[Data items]
== Segment start ==

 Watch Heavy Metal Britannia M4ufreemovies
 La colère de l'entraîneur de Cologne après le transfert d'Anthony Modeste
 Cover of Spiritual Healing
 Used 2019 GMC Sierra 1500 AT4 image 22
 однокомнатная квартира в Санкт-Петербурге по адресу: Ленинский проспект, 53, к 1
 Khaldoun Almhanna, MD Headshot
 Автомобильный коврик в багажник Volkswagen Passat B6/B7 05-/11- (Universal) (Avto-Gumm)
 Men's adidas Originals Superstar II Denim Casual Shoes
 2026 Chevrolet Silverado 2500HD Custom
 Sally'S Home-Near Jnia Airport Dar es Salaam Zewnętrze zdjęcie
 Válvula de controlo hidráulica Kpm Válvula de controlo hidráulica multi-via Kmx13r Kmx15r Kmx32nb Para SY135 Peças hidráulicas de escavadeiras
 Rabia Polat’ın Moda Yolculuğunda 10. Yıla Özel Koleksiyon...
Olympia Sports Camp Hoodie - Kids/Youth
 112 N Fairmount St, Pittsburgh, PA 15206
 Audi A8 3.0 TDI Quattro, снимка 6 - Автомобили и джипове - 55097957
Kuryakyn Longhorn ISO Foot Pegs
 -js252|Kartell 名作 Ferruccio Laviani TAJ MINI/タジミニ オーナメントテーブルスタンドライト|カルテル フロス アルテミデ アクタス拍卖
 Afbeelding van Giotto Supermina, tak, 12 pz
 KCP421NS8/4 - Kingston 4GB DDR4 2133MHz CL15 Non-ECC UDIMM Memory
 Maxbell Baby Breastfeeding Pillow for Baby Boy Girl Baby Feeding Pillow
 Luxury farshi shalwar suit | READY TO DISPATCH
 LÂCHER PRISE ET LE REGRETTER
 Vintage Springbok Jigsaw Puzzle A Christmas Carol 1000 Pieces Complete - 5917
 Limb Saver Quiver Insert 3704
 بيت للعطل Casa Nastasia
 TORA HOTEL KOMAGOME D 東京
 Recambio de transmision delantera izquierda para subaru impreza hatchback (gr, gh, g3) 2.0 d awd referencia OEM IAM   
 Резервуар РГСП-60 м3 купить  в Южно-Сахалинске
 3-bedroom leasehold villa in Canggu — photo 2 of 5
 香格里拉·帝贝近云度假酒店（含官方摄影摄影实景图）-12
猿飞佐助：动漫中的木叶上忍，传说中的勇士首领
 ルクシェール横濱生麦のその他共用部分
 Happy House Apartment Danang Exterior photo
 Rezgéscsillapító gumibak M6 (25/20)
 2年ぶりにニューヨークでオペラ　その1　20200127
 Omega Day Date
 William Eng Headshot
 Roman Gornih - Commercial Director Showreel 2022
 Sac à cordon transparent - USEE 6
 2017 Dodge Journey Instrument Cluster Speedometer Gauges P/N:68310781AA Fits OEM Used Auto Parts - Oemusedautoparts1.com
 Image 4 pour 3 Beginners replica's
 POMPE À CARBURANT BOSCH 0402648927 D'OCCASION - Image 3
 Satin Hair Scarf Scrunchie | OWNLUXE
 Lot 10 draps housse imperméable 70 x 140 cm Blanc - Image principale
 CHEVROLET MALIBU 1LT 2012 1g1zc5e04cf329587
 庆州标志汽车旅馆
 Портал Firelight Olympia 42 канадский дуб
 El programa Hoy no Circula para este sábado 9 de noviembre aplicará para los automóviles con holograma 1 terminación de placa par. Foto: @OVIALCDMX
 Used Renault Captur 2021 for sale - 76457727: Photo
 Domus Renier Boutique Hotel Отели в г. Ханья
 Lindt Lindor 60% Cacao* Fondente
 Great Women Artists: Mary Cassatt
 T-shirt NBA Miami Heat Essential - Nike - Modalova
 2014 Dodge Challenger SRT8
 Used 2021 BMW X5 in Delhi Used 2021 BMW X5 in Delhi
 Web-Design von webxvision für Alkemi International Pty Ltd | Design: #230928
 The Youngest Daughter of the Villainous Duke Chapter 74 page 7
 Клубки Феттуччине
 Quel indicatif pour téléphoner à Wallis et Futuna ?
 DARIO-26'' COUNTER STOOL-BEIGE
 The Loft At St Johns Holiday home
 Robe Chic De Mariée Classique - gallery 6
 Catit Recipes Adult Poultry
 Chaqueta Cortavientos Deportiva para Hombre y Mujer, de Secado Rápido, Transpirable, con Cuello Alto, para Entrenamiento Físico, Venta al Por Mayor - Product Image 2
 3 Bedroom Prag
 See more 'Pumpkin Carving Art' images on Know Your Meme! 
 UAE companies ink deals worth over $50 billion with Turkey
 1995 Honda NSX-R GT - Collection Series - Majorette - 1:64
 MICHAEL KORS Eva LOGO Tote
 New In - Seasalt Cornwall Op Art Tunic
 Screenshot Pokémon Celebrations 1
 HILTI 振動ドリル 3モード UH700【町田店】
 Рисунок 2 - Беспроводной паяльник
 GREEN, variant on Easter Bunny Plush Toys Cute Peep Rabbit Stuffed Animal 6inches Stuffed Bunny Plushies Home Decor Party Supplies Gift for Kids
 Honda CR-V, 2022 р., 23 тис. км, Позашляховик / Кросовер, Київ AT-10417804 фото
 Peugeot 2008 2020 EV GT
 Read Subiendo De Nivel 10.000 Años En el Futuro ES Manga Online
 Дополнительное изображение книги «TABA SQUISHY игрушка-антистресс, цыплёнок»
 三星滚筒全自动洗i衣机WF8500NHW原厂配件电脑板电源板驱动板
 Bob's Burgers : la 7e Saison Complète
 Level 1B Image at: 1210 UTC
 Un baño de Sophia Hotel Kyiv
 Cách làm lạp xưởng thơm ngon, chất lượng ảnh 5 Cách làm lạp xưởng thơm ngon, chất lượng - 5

== Segment end ==

DIRECTIONS FOR THIS TASK>
Your answer is to contain exactly the lines from the one holding "Screenshot Pokémon Celebrations 1" to the end of the entries, with no other line.

YOUR RESPONSE>
 Screenshot Pokémon Celebrations 1
 HILTI 振動ドリル 3モード UH700【町田店】
 Рисунок 2 - Беспроводной паяльник
 GREEN, variant on Easter Bunny Plush Toys Cute Peep Rabbit Stuffed Animal 6inches Stuffed Bunny Plushies Home Decor Party Supplies Gift for Kids
 Honda CR-V, 2022 р., 23 тис. км, Позашляховик / Кросовер, Київ AT-10417804 фото
 Peugeot 2008 2020 EV GT
 Read Subiendo De Nivel 10.000 Años En el Futuro ES Manga Online
 Дополнительное изображение книги «TABA SQUISHY игрушка-антистресс, цыплёнок»
 三星滚筒全自动洗i衣机WF8500NHW原厂配件电脑板电源板驱动板
 Bob's Burgers : la 7e Saison Complète
 Level 1B Image at: 1210 UTC
 Un baño de Sophia Hotel Kyiv
 Cách làm lạp xưởng thơm ngon, chất lượng ảnh 5 Cách làm lạp xưởng thơm ngon, chất lượng - 5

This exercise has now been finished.